By | September 7th, 2021
Posted in Television | % Comments

Welcome back to the titan war! The time has come to end things. We are finally watching the final season of Attack on Titan, and I got a feeling that not everyone is making it out of this one alive. If you are new to our coverage, this is the part where I explain to you that I’ve never been what you’d call a regular anime watcher, but something about this strange and at times horrifying has never failed to captivate me. There’s only one more after this, so get ready to charge into Attack on Titan season 4, episode 15, “Sole Survivor.”

1. Origin of a Monkey Man

A brief cold open shows us a young Zeke, experiencing some racism as a kid. I didn’t think much of this scene at first. It didn’t have anything larger to say about why people are racist, or what someone should do in a tough situation like that. By the end of the episode though, I was reminded that not every scene needs a neat little moral. That was a formative moment for Zeke, and the point of this episode was to sketch out the guy who has been our antagonist for most of the run of the show. We’ve seen him from lots of other perspectives, but this is the first time we see Zeke’s story as he sees it. That racist encounter was a small moment, but it sat with Zeke, much like his dad was consumed with the death of his sister.

So this is the whole Zeke Jaeger origin story, how he became a terrifying monkey man. Zeke’s story through is eyes.

2. Bad dad

Last time we saw these events, they were being told to us by Grisha. This time through the story, it’s clear that Grisha’s failures as a person are very responsible for… all the horror of the present day. Like his messaging. Early on, he seems to protect Zeke, insulating him from the family’s revolutionary cause. He lets Zeke consume Marley propaganda at a very young age, and I couldn’t shake the feeling that by the time they had started on the counter-programming, it was already too late. By the time they starting teaching him another perspective, Zeke had already grown to resent his absent parents. Their distance to him personally made it more difficult to accept their teachings.

It is also strongly implied that Grisha was just straight up abusive. And yeah, that tracks, he always seemed like something of a creep. This is most horrifyingly heard through a closed door, as Zeke listens to his dad berate and possibly beat his mom, all for Zeke’s failures. It’s just like, no wonder this dude ended up as messed up as he did.
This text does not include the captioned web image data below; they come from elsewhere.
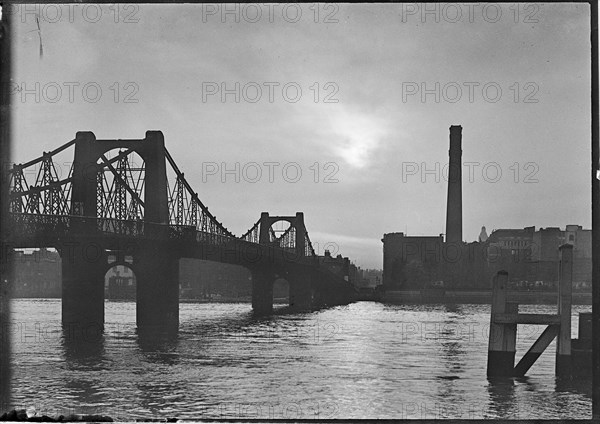 Lambeth Bridge, Westminster, Greater London Authority, 1920-1927. Creator: Charles William  Prickett.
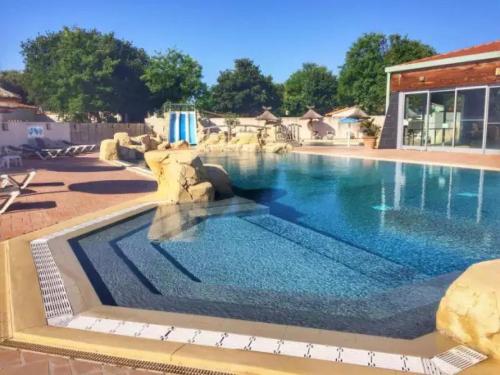 ZEcamping 5 étoiles pet friendly animé avec piscine couverte en bord de mer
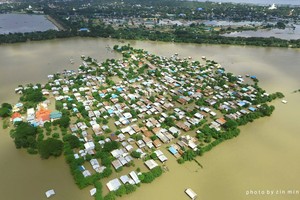 هل يمكن أن تساعد الطائرات دون طيار في جهود الإغاثة من الفيضانات في ميانمار؟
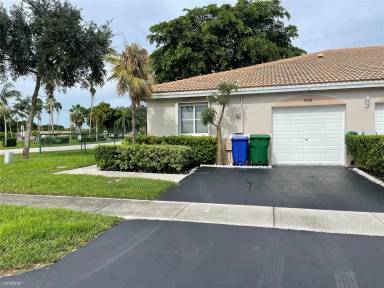 Main picture of 1810 SW 114th Ter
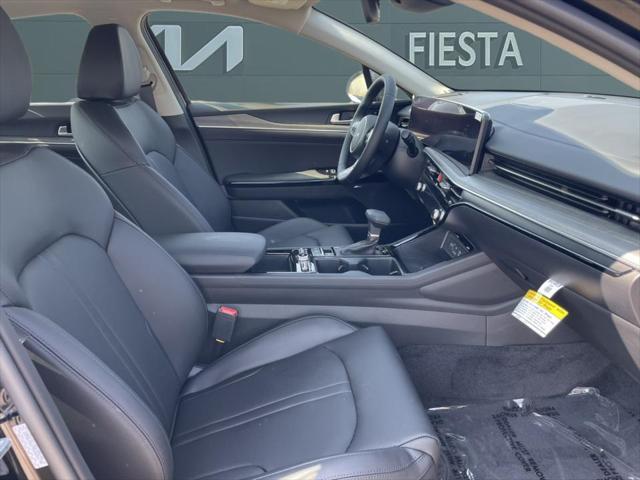 new 2025 Kia K5 car, priced at $33,768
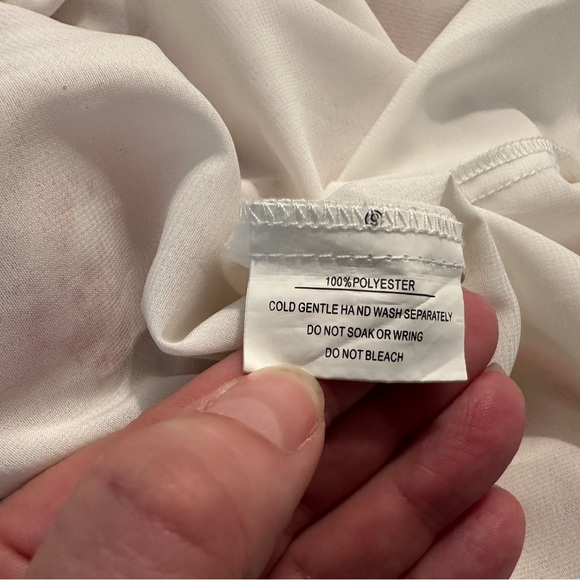 New PRINCESS POLY Desert Duck Mini Dress Red White Dainty Floral Ruffles Sun - Picture 12 of 13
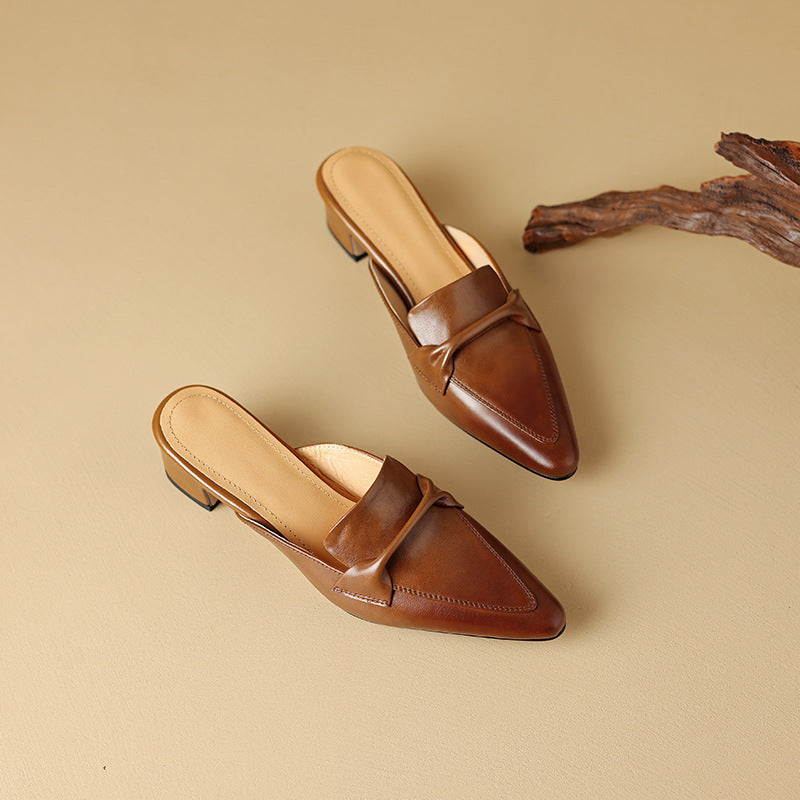 Mules en cuir pointues Marloe
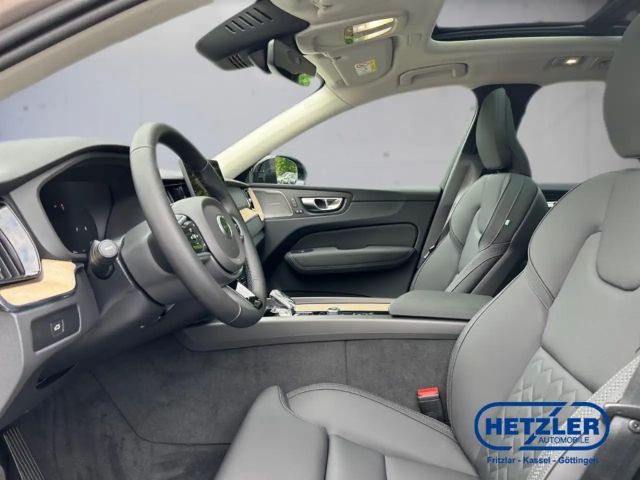 Volvo XC60 AWD Dark Plus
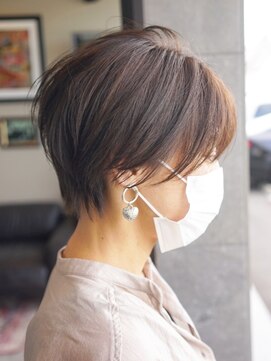 メゾン アヴァロ(Maison Avallo) 大人女性のためのハンサムショートスタイル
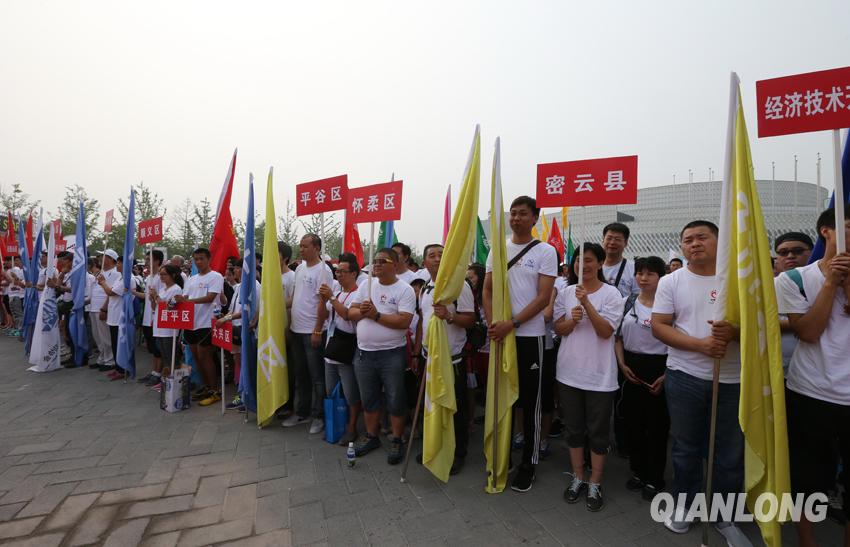 Во время мероприятия участники громко скандировали лозунги, поддерживая Пекин и желая ему исполнить мечту о Зимней Олимпиаде, спортивную мечту и Китайскую мечту.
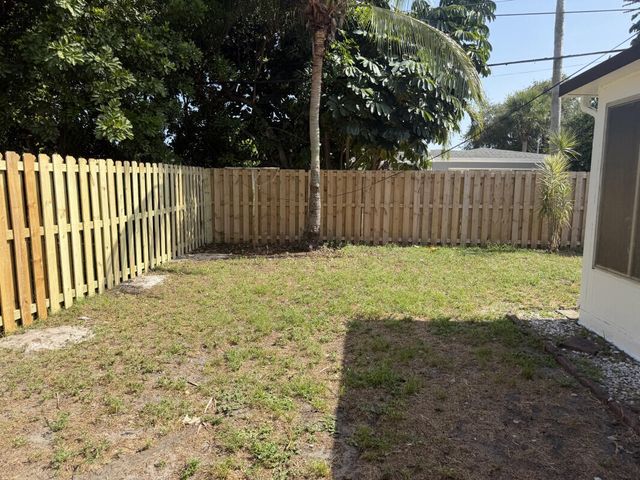 80 NE 48TH Street, Oakland Park, FL 33334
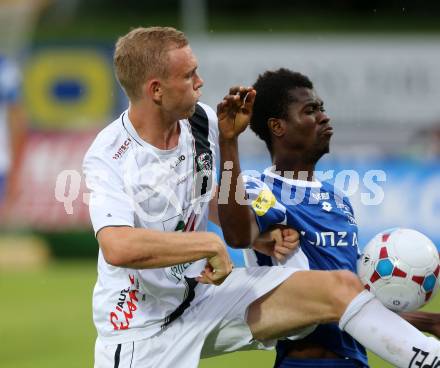 Fussball. Regionalliga. WAC Amateure gegen BW Linz. Christoph Rabitsch (WAC), Yusuf Olaitan Otubanjo (Linz). Wolfsberg, 16.8.2015.
Foto: Kuess
---
pressefotos, pressefotografie, kuess, qs, qspictures, sport, bild, bilder, bilddatenbank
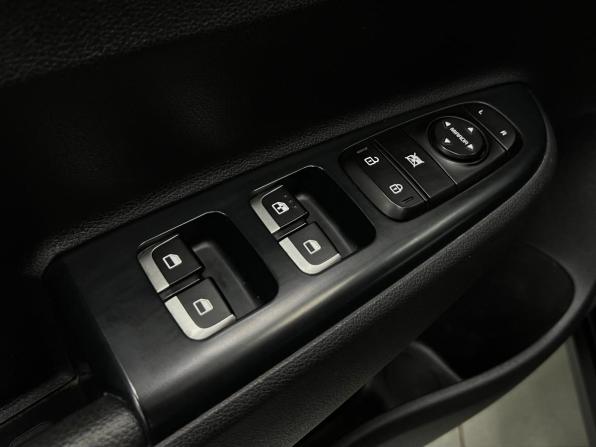Kia Rio IV с пробегом 2019 года, цена 1 320 000 рублей, 207918 км, хэтчбек, Автокод Объявления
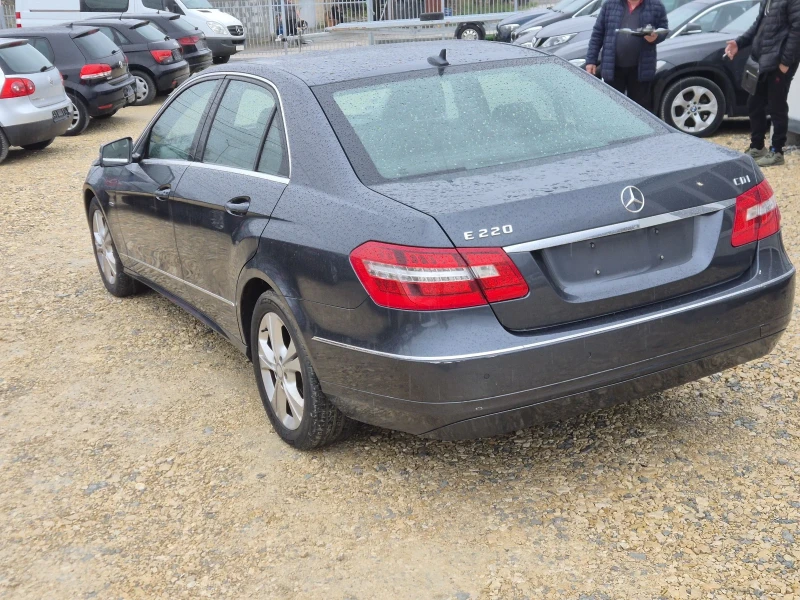 Mercedes-Benz E 220 CDI AUTOMAT , снимка 3 - Автомобили и джипове - 52588600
3. Trading in for an upgrade

All the while Zeke is failing at his Warrior training, and just generally not getting a lot of positive affirmation. He only has one positive male role model in his life, and that was his predecessor as Beast Titan, Tom Ksaver. He’s exactly what I’d picture if you told me there was one nice person in Zeke’s life, sort of a kind four-eyed nerd who liked tossing around a baseball. He’s less of a warrior and more of a student of titan lore. You can see where Zeke gets it from. Ksaver’s backstory is the same kind of horror most of these characters deal in. When his Marleyan wife found out that he hid his Eldian heritage from her, she slit her own throat and her son’s. Holy crap, this sort of thing seems to happen a lot.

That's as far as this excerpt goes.